Opinion
24-CV-2838 (CS)
07-19-2024
ORDER
CATHY SEIBEL, U.S.D.J.
Before the Court is Appellant Paul R. Koch's pro se appeal from an order entered in his bankruptcy case. For the reasons stated below, the Court dismisses Appellant's appeal.
I. BACKGROUND
On November 22, 2023, Appellant filed a voluntary Chapter 13 bankruptcy petition. (In re: Paul R. Koch, No. 24-20001 (Bankr. S.D.N.Y.), ECF No. 1.) The same day, the Bankruptcy Court entered a Deficiency Notice because Appellant had failed to file certain required documents. (Bankr. Dkt. ECF No. 3.) The Deficiency Notice indicated that if Appellant failed to file the documents required under 11 U.S.C. § 521(a)(1) by December 6, 2023, the case would be subject to automatic dismissal. (See id.) On November 27, 2023, the Bankruptcy Court scheduled a hearing on automatic dismissal for January 18, 2024. (Bankr. Dkt. ECF No. 8.) On December 12, 2023, Appellant filed a motion requesting that the deadline to file the required documents be extended to December 29, 2023, which motion the Court also slated for consideration at the January 18 hearing. (Bankr. Dkt. ECF Nos. 12, 13.) The Bankruptcy Court did not formally rule on the application for an extension of time, but neither did Appellant file the required documents by December 29, 2023, or at any time thereafter. (See generally Bankr. Dkt.) On January 16, 2024, the January 18 hearing was adjourned to March 13, 2024. (Bankr. Dkt. ECF Nos. 28-31.)
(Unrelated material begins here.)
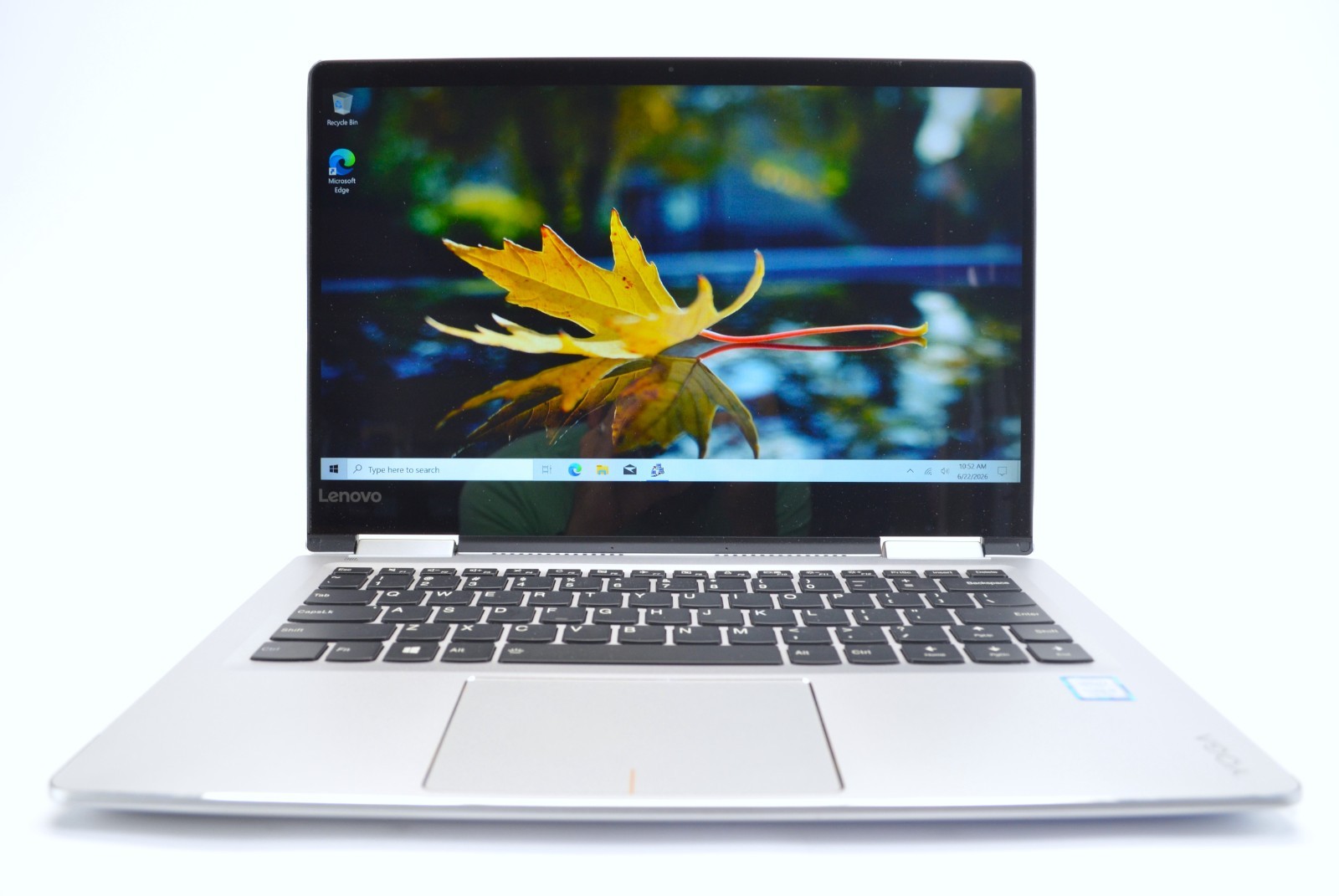 Lenovo Yoga 710-14IKB 2-in-1 2.5 GHz i5 8GB 256GB SSD 14″ Touchscreen Windows 10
All further citations to docket entries from the underlying bankruptcy case will be denoted using “Bankr. Dkt.”
On March 12, 2024, Appellant filed an emergency motion requesting that the court continue the March 13 hearing because he could not appear in Poughkeepsie for the proceeding. (Bankr. Dkt. ECF No. 48.) The court proceeded to hold the March 13 hearing, at which the case was automatically dismissed. (See Bankr. Dkt. Minute Entries dated Mar. 13, 2024.) Thus, Appellant's motion for a continuance was de facto denied. On March 15, 2024, the court entered a written order dismissing the case pursuant to 11 U.S.C. § 521(i)(1) for Appellant's failure to timely file the documents required by 11 U.S.C. § 521(a)(1). (Bankr. Dkt. ECF No. 49.) On April 1, 2024, Appellant filed a motion to reconsider the dismissal, which the court denied on April 4, 2024. (Bankr. Dkt. ECF Nos. 54, 56.) Also on April 1, 2024, Appellant filed a notice of appeal in the Bankruptcy Court. (Bankr. Dkt. ECF No. 55.)
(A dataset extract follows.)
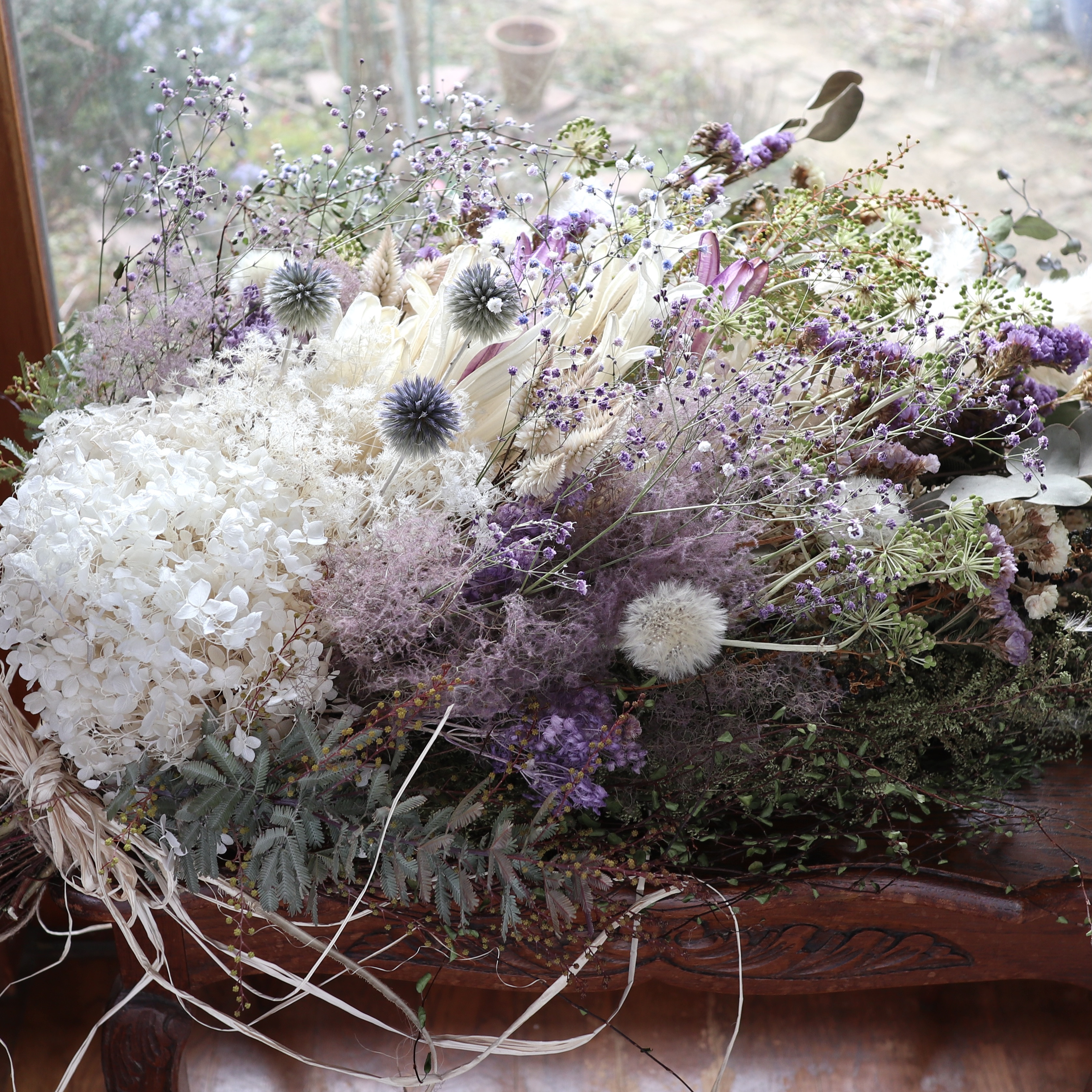 (75cm) ＊特大＊パンパスグラスとスモークツリーのふわふわのボリュームスワッグ/パープルホワイト/ドライフラワー/春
In the order denying the motion for reconsideration, the Bankruptcy Court noted that this is Appellant's fourth voluntary Chapter 13 filing and that all four cases have been dismissed. (Bankr. Dkt. ECF No. 56 at 1 n.1.) Three of the cases were dismissed for failure to file required documents, among other things, while the third case was dismissed upon Appellant's request. (Id.) The Court notes that Appellant has demonstrated a pattern of neglect in these cases. In the first case, filed on August 14, 2018, (In re: Paul R. Koch, No. 18-23246 (Bankr. S.D.N.Y.), ECF No. 1), Appellant appealed several of the Bankruptcy Court's orders, and his appeal was dismissed for failure to prosecute, (In re: Paul R. Koch, No. 19-CV-2830 (S.D.N.Y.), ECF No. 13). The Bankruptcy Court dismissed the second case for cause pursuant to 11 U.S.C. § 1307(c) for failure to file a Chapter 13 plan, failure to commence making Chapter 13 plan payments, failure to appear at the section 341 meeting of creditors, and failure to file several required documents. (In re: Paul R. Koch, No. 20-20000 (Bankr. S.D.N.Y.), ECF No. 31.) In the third case, filed on May 2, 2023, the Bankruptcy Court granted a secured creditor's motion for in rem relief from the automatic stay on June 6, 2023. (In re: Paul R. Koch, No. 23-22321 (Bankr. S.D.N.Y.), ECF No. 34.) On the same day, Appellant requested an immediate dismissal of the bankruptcy case, (id. ECF No. 32), which the court granted on June 9, 2023, (id. ECF No. 43). On June 23, 2023, Appellant moved for an extension of time to appeal and file a motion to reconsider the order granting in rem relief from the automatic stay. (Id. ECF No. 49.) The court denied the motion on November 30, 2023 for failure to prosecute, noting that Appellant failed to appear at a July hearing regarding his motion. (Id. ECF No. 54.)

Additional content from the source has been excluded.